I have a document whose references are messed up after I converted from an in-text parenthesis style (Sage Harvard) to a footnote style (Chicago 16th Footnote). I changed the style by changing the assigned style in the “Style” field on the EndNote tab in Word. Then the in-text references seemingly diseappeared, but the bibliography remained. I then (and I think this is where I mad my big mistake) manually added footnotes and inserted the relevant references in each footnote. Everything seemed fine. But when I decided to delete three references (by deleting the corresponding footnotes), the deleted references still showed up in the bibliography (I did not refer to these references anywhere else in the text). When trying to figure out why the deleted references still showed up in the bibliography I changed the style back again from Chicago 16th Footnote to Sage Harvard. Then I saw that the references I had deleted in Chicago 16th were still there in Sage Harvard! I then deleted the references in Sage Harvard as well, but this did not solve the problem. Instead, after pressing “Update citations and bibliography” in Word, what happened was that the references I had deleted twice (first deleting the Chicago 16th footnote reference, then deleting the Sage Harvard in-text reference) reappeared in the text and all other references appeared as double in-text references. (see attached image: the first reference is supposed to be there, the last three references are the ones that I deleted).
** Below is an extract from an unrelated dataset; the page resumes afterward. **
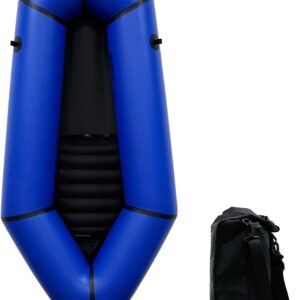 Lightweight Packrafts, TPU Inflatable Kayak for Flat Water Rafting Camping Trip/Fishing/Water Adventures 1 Person/2 Person Packraft, 330lb/660lb Weight Capacity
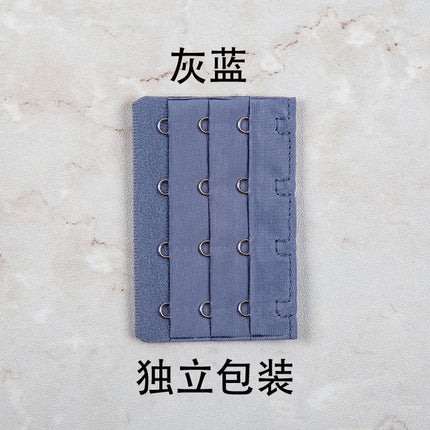 [Free Shipping for Orders] Three Rows of Four Buttons/Four-Breasted Bra Extension Buckle Intimates Extension Buckle Individually Packaged Export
How can I fix this problem without having to delete all traces of EndNote formatting from my document and add the references from scratch?

Thanks in advance!

Marielle

The whole way that one inserts in text citation versus footnotes containing citations is different.  Simply switching between the two does not automatically move the citations from the in-text position to the footnote.  Since the output style has no instructions for the the original in-text inserted endnote field, it “disappears” because the citation has no template.  However it is still there and Endnote will still reflect that citation in the Bibliography, even though it is invisible in the test.  

Now did you then manually inserted footnotes (using Word) and insert the endnote citations again in those footnotes?  

If you see the most recent post from a Moderator inthis thread - they do have some tools that can make this conversion, if you contact them.  However you might currently have a mixed bag. That thread also describes the differences between in-text citations, footnotes, endnotes and numbered styles… 

I can explain what happened, but now sure how to describe how to fix this, although if I had access to the document, I think it is realtively easy to fix.  – When you switched to the footnote style, there is no in-text citation template, so the citations “disappeared” although they are still there.  There are macro’s that can convert in-text citations to footnotes, but it sounds like you are beyond that, having reinserted the new footnotes.  

What I would try, would be to make a copy of the document (I always make copies of the document!) and select the text and use the word facitly to removed the fields from the text.  I don’t think it will touch the footnotes, but that is why you always make a copy first.  (select all text ctrl+A, and then Shift+ctl+f9 to remove the fields ).  

Unformating the document to the curly bracketed fromat will reveal the citations in both in-text (which are hopefully gone) and in the footnotes (which will still be there), so you will be able to tell if you deleted them.  – You should now delete the bibliography (which is now plain text too) then update citations and bibliography and see if the footnotes repopulate your new bibliography.